And as 2011 advanced, the Cameron regime looked a whole lot more like a hard-line Conservative government. “We are making cuts that Margaret Thatcher in the 1980s could only have dreamt of,” boasted Tory minister Greg Barker in April. As those on benefits became more demonised than they were before mass unemployment returned to Britain, a Government report proposed forcing cancer patients undergoing chemotherapy to be assessed for their fitness for work. With little co-ordinated opposition, the Government pushed through the first stage of the privatisation of the NHS, without bothering with the courtesy of putting it before the electorate first. And as Cameron flounced out of the EU Treaty negotiations – after making sure journalists were briefed he had eaten a full English breakfast – it was clear Britain had the most Eurosceptic government since World War II. But still the Liberal Democrats – a now indisputably rag-tag bunch of opportunists – kept the Government in power in cynical defiance of their (former) voters, with just the odd bit of choreographed “letting off steam” to keep up the pretence they were anything other than Tory voting fodder.
Though Cameron remained largely untouched, economic upheavals invariably cause things to “kick off”, as the BBC’s Paul Mason puts it. The students had led the charge at the end of 2010, throwing off illusions about British passivity and proving that it was possible to resist. They had put the trade unions “on the spot”, as Unite general secretary Len McCluskey put it. Many an obituary has been written for the labour movement since the hammering it suffered under Thatcher, but in 2011 it returned to the stage. Its unique potential to mobilise was showcased on March 26th, as it organised the biggest workers’ demonstration in a generation. The theme was ‘March for the Alternative’, and though that alternative remains far from properly sketched out, here was the biggest show of defiance against Tory rule yet.
But it was a Tory attempt to impose a deficit tax on public sector workers that forced the trade unions into action. Superficially, it was about pensions: they were becoming unaffordable, claimed the Government, even as a report it commissioned by ultra-Blairite New Labour ex-minister Lord Hutton revealed that pensions would shrink as a proportion of GDP in the years ahead. Indeed, the money raised from increased contributions is to flow straight into the Treasury’s coffers. On June 30th, teachers and civil servants went out on strike, and Tory minister Francis Maude had his arguments torn to shreds on national radio. Then came the biggie: on November 30th, public sector workers ranging from dinner ladies to top civil servants, lollipop ladies to nurses came out in the biggest industrial action since the 1926 General Strike.
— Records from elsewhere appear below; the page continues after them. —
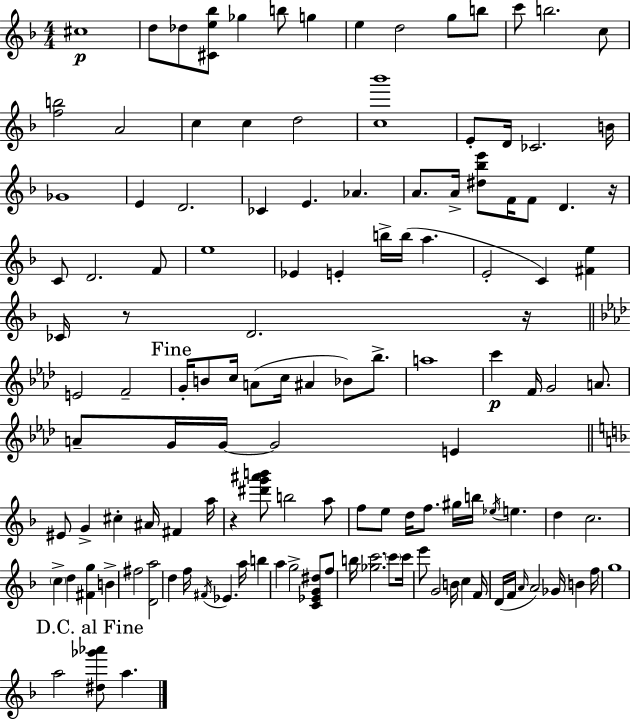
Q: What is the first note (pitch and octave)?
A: C#5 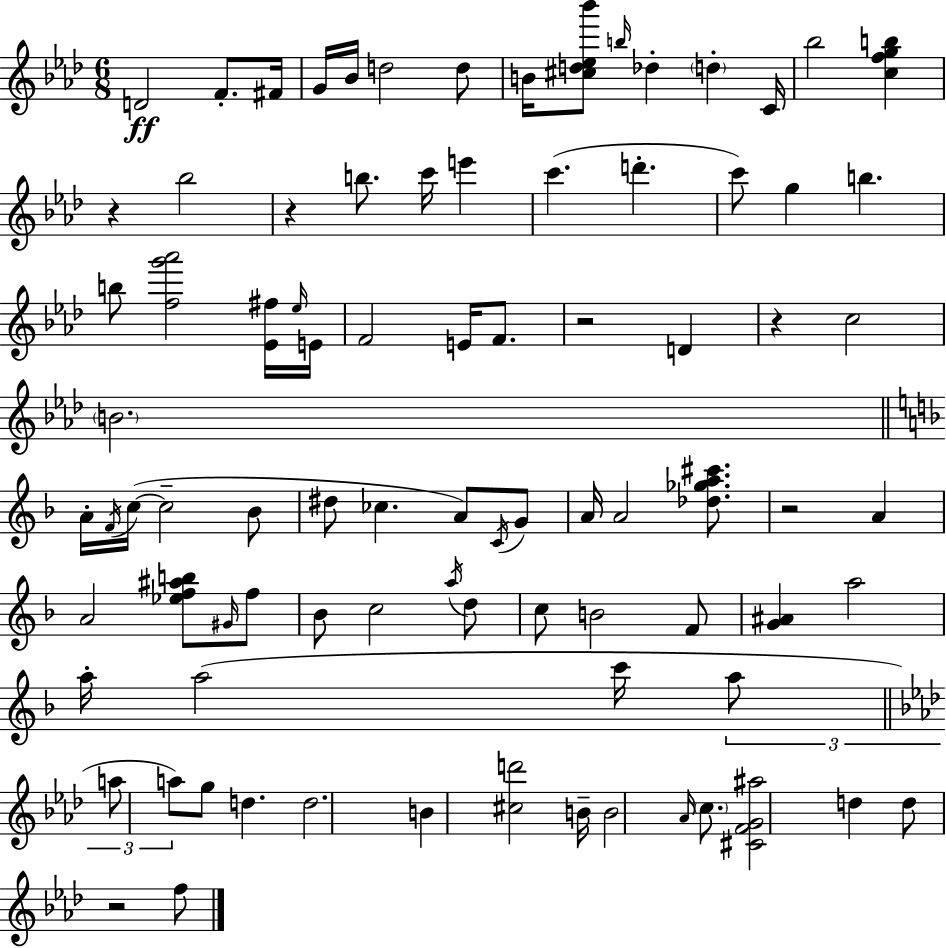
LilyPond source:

{
  \clef treble
  \numericTimeSignature
  \time 6/8
  \key f \minor
  d'2\ff f'8.-. fis'16 | g'16 bes'16 d''2 d''8 | b'16 <cis'' d'' ees'' bes'''>8 \grace { b''16 } des''4-. \parenthesize d''4-. | c'16 bes''2 <c'' f'' g'' b''>4 | \break r4 bes''2 | r4 b''8. c'''16 e'''4 | c'''4.( d'''4.-. | c'''8) g''4 b''4. | \break b''8 <f'' g''' aes'''>2 <ees' fis''>16 | \grace { ees''16 } e'16 f'2 e'16 f'8. | r2 d'4 | r4 c''2 | \break \parenthesize b'2. | \bar "||" \break \key f \major a'16-. \acciaccatura { f'16 } c''16~(~ c''2-- bes'8 | dis''8 ces''4. a'8) \acciaccatura { c'16 } | g'8 a'16 a'2 <des'' ges'' a'' cis'''>8. | r2 a'4 | \break a'2 <ees'' f'' ais'' b''>8 | \grace { gis'16 } f''8 bes'8 c''2 | \acciaccatura { a''16 } d''8 c''8 b'2 | f'8 <g' ais'>4 a''2 | \break a''16-. a''2( | c'''16 \tuplet 3/2 { a''8 \bar "||" \break \key aes \major a''8 a''8) } g''8 d''4. | d''2. | b'4 <cis'' d'''>2 | b'16-- b'2 \grace { aes'16 } \parenthesize c''8. | \break <cis' f' g' ais''>2 d''4 | d''8 r2 f''8 | \bar "|."
}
There was a sense of exhilaration that comes from sharing a common purpose on the day. It didn’t last. In the face of media hostility, the union leaderships (with honourable exceptions) failed to present their compelling case in a way that could resonate with an increasingly union-free workplace. Dave Prentis, the general secretary of Unison, had promised “the fight of our lives”, but looks set to lead a capitulation to Government proposals. No concessions on the key issues were offered, and civil servants’ union PCS – whose leader, Mark Serwotka, had shown the most determination of the trade union leadership – was locked out of talks. And so 2011 could end with what may come to be seen as the biggest trade union defeat since Thatcher.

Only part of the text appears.